Lugumanov [45] has used a DPDP model to characterize fluid flow in fractured reservoirs. A fine grid hydrodynamic model was constructed to calculate the effective permeability. A multiplier was selected to simplify the process and obtain the effective permeability of the fractured medium. The multiplier was expressed as:

Kef=ψ+kΦf−ψKf (1)

where   Kef is the effective permeability of the fractured medium, ψ is the clearance of the fractured medium in a given direction, Φf   is the porosity of the fractured medium, Kf is the permeability of the fractured medium, and k is the variable parameter that makes the multiplier closer to the porosity (value closer to 1) or the clearance (value closer to 0). This study assumed that the size of the inhomogeneities was much larger than the molecular kinetic dimensions. Also, the size of the inhomogeneities was much smaller than the distances at which the macroscopic parameters change significantly. Under the standard conditions (at the surface), gas’s solubility is assumed to be zero. Sensitivity analysis in numerical simulation indicated that the fractured reservoir’s effective permeability is a function of the pore medium’s absolute permeability.

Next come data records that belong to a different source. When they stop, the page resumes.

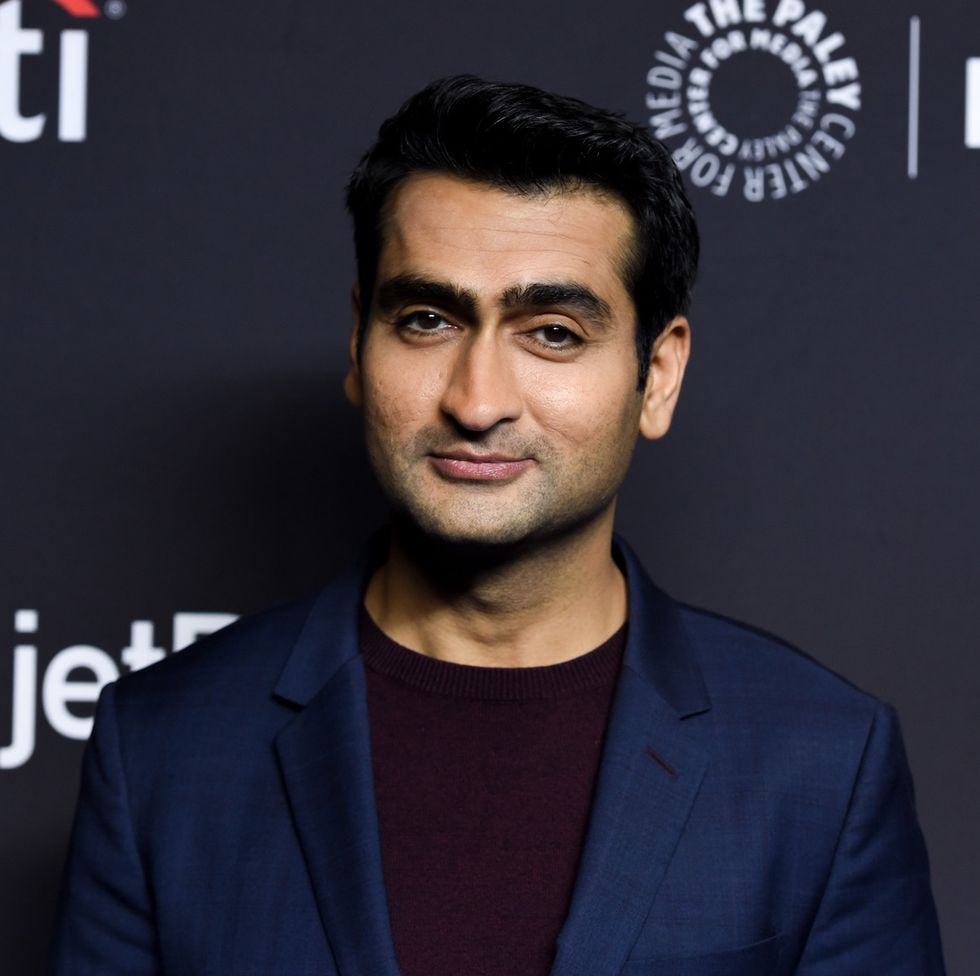 kumail nanjiani, wearing a blue suit jacket and red jumper, at a red carpet event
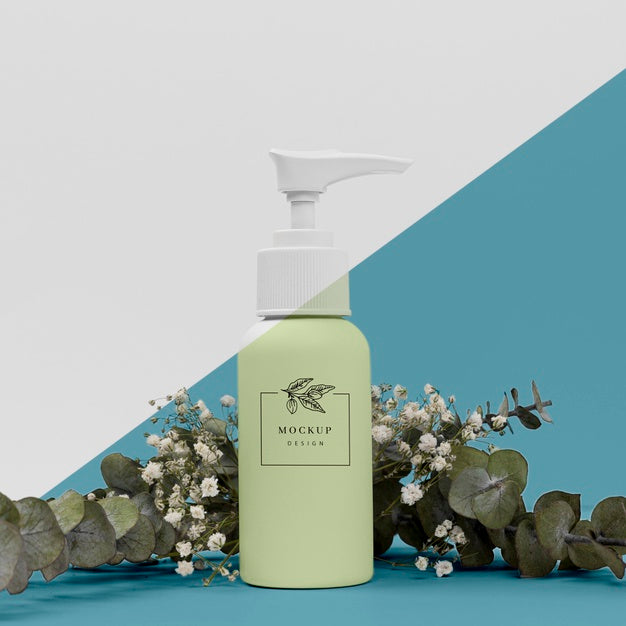 Free Beauty Product Bottle With Plant Mock-Up Psd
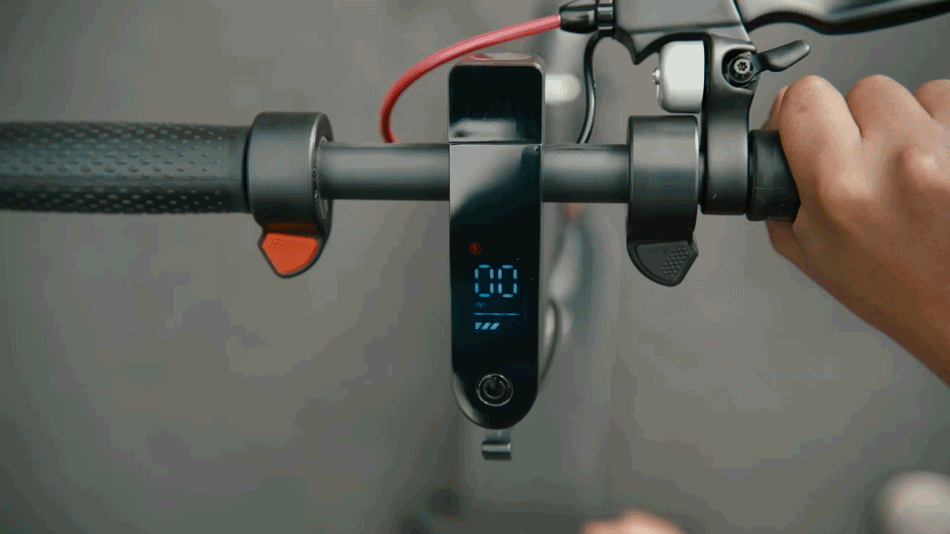 Close-up of a digital display on an electric scooter's handlebar, showing the speed and battery level, while a hand grips the right handle.
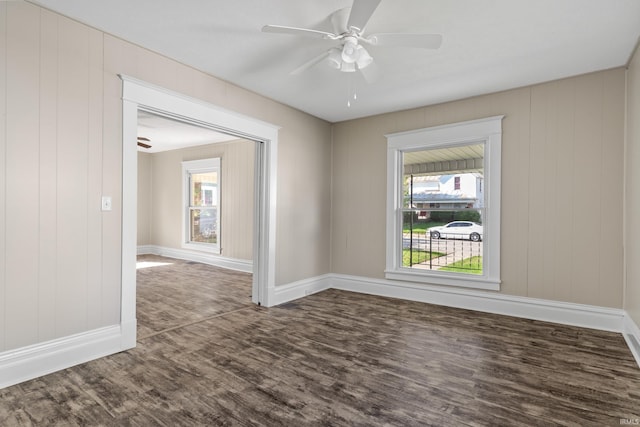 empty room featuring ceiling fan, wood walls, and dark hardwood / wood-style flooring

Rueda Cordero et al. [111] stated that to appropriately characterize fluid flow in fractured reservoirs, integrating more than one numerical method became indispensable for planning new field development strategies and understanding the physical processes of fluid flow in NFRs. Besides, hybrid fluid flow modeling, such as integrating DFNM and dual continuum methods, is a reliable technique that provides accurate and realistic results. Lee et al. [179] have explicitly modeled long length fractures as 2D planes crossing multiple grid blocks. The calculation of transport parameters between fracture systems and discretized matrix blocks in this study was done systematically. Li et al. [129] have developed the technique proposed by Lee et al. [179] to circumvent all challenges involved with fracture object gridding. They introduced a different distinct model to simulate the flow of hydrocarbon in fractured reservoirs. To represent the matrix blocks, they used a conventional structured grid. They computed the intersection of fracture objects with the matrix blocks to introduce additional volumes of fracture control. The three main assumptions associated with these models are; perpendicular linear variation of pressure in the direction to each fracture, zero capillary pressure, and linear relative-permeability curves. DFNMs are found to be accurate as well as insensitive to grid orientation. Furthermore, the results were consistent and in good agreement with complex fracture patterns. In contrast, the conventional dual-permeability model indicated less satisfactory results; nonetheless, it showed a reasonable accuracy to model the flow behavior of a moderate fractured system.

DPDP and DFNM are used in combination to represent fracture networks in finite element models [63]. Utilizing this hybrid technique may provide details about the reasons for early water breakthrough in fractured reservoirs, which, according to Bratton et al. [180], might be caused by high fracture density and permeability. Additionally, barriers can be formed by mineralized and cemented fractures, which prevent fracture networks’ connectivity and result in poor fluid flow. This issue can only be detected using more than one numerical method [181]. Discrete fracture models are considered more realistic in representing a fractured system and view the explicit impact of individual fractures on hydrocarbon flow [13,104,105].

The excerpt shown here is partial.